Die germanistischen Darstellungen zu diesem Kapitel der deutschen Literaturgeschichte seien „ziemlich knapp“, befand der Bochumer Emeritus Uwe-K. Ketelsen schon 2004 in der Kritischen Ausgabe: „Solche Selbstbeschränkung dürfte vor allem der Ratlosigkeit gegenüber diesen Texten und den zu ihnen gehörenden theatralen Praktiken entspringen. So bleibt es meist bei konsensfähigen Geschmacksurteilen und politisch korrekten, manipulationstheoretisch fundierten Einschätzungen.“ Er verwies darauf, dass sich die einschlägigen Texte als belletristische Aufarbeitungen von Hitler-, Goebbels-, Rosenberg-, etc.-Zitaten lesen und damit in den Horizont des III .Reichs einschränken ließen.
„Aber ließe sich die Blickrichtung nicht auch umkehren und konstatieren, dass Hitler, Goebbels, Rosenberg etc. mit den Verfassern dieser Texte an einem gemeinsamen Pool von Vorstellungen, Bildern und Argumenten partizipieren, der aus älteren historischen Beständen stammt?“, fragt er ketzerisch.
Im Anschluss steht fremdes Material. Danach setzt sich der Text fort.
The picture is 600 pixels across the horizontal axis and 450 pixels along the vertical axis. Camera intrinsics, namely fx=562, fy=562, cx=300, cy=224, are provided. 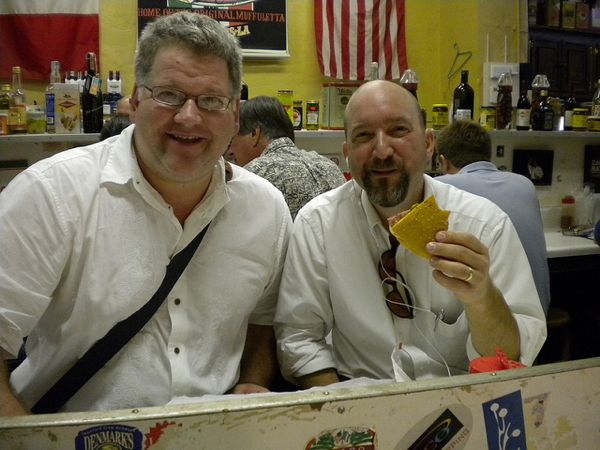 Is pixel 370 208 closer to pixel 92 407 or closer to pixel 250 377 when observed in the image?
pixel 250 377

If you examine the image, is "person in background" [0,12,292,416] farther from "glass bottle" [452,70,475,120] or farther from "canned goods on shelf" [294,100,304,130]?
"glass bottle" [452,70,475,120]

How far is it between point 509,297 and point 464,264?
40cm

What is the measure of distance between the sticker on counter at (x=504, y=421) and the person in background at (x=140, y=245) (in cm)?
82

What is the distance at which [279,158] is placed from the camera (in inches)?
113

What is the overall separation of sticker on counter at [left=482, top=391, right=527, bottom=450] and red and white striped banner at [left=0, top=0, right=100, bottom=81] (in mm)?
3935

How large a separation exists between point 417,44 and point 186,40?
386 centimetres

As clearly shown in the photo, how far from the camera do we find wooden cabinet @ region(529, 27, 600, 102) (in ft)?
17.5

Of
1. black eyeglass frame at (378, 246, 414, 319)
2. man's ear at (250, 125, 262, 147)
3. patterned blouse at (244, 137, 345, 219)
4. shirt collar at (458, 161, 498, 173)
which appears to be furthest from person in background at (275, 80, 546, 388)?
man's ear at (250, 125, 262, 147)

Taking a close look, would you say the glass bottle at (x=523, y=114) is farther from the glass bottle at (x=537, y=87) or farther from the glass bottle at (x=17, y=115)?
the glass bottle at (x=17, y=115)

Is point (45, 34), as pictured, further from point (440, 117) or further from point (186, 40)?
point (186, 40)

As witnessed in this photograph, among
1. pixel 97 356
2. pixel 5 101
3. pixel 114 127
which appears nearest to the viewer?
pixel 97 356

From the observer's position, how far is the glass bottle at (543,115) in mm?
4164

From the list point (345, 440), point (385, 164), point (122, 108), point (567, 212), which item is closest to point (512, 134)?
point (567, 212)

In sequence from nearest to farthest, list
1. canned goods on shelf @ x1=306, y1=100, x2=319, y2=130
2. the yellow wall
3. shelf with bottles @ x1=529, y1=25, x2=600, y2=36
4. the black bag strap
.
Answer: the black bag strap, canned goods on shelf @ x1=306, y1=100, x2=319, y2=130, the yellow wall, shelf with bottles @ x1=529, y1=25, x2=600, y2=36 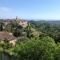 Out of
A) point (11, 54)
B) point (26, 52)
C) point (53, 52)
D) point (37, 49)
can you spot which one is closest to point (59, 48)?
point (53, 52)

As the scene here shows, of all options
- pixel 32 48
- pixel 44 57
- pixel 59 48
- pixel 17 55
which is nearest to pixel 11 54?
pixel 17 55

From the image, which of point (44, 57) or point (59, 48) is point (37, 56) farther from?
point (59, 48)

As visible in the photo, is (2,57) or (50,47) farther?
(2,57)

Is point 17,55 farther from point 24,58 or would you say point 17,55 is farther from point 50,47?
point 50,47

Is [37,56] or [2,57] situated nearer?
[37,56]

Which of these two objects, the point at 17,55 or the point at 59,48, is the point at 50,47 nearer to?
the point at 59,48

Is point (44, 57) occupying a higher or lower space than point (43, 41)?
lower

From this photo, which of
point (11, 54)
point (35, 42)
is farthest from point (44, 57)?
point (11, 54) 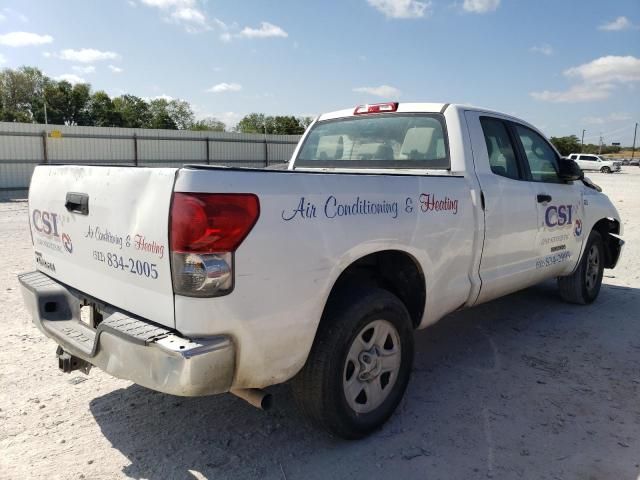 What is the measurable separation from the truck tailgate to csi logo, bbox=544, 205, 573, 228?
11.4ft

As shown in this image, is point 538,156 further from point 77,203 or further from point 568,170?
point 77,203

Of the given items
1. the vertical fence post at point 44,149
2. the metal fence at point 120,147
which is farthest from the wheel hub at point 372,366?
the vertical fence post at point 44,149

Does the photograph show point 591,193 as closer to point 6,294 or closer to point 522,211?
point 522,211

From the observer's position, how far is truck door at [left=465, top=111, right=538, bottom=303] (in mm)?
3832

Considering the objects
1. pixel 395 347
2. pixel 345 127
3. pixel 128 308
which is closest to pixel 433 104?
pixel 345 127

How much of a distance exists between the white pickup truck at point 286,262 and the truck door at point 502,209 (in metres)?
0.02

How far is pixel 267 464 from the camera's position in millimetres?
2746

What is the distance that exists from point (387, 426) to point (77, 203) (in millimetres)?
2165

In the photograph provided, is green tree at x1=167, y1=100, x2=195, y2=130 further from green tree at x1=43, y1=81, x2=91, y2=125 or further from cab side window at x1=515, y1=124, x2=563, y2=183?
cab side window at x1=515, y1=124, x2=563, y2=183

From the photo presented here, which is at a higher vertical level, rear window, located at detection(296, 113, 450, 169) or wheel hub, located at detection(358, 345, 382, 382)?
rear window, located at detection(296, 113, 450, 169)

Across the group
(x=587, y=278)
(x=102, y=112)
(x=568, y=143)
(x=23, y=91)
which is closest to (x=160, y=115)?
(x=102, y=112)

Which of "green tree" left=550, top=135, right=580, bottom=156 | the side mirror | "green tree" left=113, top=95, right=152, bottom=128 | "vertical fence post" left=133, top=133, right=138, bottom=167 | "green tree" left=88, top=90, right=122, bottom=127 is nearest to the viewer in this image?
the side mirror

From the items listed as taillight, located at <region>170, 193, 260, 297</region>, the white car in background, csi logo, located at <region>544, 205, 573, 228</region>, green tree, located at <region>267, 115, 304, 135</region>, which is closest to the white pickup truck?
taillight, located at <region>170, 193, 260, 297</region>

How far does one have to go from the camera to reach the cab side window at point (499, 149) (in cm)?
406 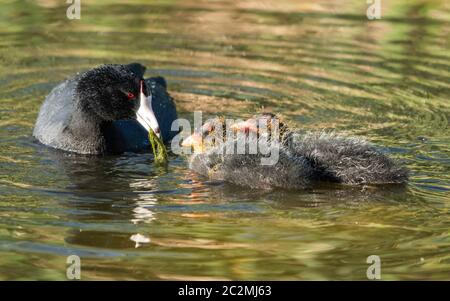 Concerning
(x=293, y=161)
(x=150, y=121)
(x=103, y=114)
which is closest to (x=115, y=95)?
(x=103, y=114)

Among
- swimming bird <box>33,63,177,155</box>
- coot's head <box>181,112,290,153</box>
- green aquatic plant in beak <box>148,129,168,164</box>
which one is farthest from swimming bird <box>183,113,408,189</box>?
swimming bird <box>33,63,177,155</box>

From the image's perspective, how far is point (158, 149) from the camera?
7785 mm

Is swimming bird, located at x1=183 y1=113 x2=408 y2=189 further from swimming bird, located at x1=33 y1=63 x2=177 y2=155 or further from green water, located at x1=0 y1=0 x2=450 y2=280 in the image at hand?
swimming bird, located at x1=33 y1=63 x2=177 y2=155

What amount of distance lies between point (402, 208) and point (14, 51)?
548cm

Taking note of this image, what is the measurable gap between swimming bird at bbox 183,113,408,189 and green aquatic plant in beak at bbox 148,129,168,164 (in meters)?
0.48

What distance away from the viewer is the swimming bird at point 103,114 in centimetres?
760

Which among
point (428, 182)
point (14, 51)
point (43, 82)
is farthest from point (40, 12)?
point (428, 182)

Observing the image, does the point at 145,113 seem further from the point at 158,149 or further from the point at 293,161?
the point at 293,161

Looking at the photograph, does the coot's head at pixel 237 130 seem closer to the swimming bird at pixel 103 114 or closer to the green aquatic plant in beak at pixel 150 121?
the green aquatic plant in beak at pixel 150 121

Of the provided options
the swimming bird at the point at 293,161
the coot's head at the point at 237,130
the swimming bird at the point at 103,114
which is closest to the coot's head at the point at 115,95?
the swimming bird at the point at 103,114

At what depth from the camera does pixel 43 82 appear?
32.1 feet

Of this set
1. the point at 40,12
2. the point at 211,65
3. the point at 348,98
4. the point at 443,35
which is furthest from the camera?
the point at 40,12

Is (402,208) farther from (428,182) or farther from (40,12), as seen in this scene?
(40,12)

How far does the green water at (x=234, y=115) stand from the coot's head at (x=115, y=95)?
1.20 feet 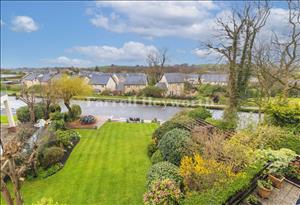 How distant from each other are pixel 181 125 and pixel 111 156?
5979 millimetres

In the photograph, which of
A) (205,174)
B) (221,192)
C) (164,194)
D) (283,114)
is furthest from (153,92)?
(221,192)

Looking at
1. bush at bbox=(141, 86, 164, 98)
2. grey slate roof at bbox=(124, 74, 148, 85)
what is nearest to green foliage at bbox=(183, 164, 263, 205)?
bush at bbox=(141, 86, 164, 98)

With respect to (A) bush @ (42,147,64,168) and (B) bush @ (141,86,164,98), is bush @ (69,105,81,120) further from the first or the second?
(B) bush @ (141,86,164,98)

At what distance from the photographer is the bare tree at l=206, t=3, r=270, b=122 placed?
64.5 ft

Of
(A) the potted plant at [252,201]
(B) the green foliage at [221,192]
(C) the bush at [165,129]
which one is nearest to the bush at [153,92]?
(C) the bush at [165,129]

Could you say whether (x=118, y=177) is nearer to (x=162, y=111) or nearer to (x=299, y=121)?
(x=299, y=121)

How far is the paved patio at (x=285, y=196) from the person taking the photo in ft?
32.6

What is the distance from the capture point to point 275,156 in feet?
37.6

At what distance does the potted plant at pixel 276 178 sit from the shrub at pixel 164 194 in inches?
177

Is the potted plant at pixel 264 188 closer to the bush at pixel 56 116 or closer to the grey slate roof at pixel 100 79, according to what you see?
the bush at pixel 56 116

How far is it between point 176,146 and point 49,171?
869 cm

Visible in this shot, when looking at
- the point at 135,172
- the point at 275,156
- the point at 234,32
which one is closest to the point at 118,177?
the point at 135,172

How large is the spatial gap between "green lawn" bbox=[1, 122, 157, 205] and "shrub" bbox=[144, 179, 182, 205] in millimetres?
2224

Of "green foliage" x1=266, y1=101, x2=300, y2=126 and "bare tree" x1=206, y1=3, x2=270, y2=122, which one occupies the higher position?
"bare tree" x1=206, y1=3, x2=270, y2=122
Eine solche Umkehrung verletze ein Tabu, „indem sie den Panzer sprengt, der beruhigend um das III. Reich gelegt worden ist; sie macht es zu einem integralen Bestandteil unserer Geschichte“.
Zuletzt versuchte die Bielefelder Kunstprofessorin Katharina Bosse aus eher linker Perspektive, diesen Panzer interdisziplinär zu sprengen, und veröffentlichte neben dem Bildband „Thingstätten“ (Bielefeld:Kerber 2020) auch eine zugehörige Internetseite www.thingstaetten.info, die ein umfangreiches Archiv werden, Regionalforschungen vernetzen und Dokumentationen zusammenführen soll. Interessierte können das Portal mit Material und Erkenntnissen ergänzen.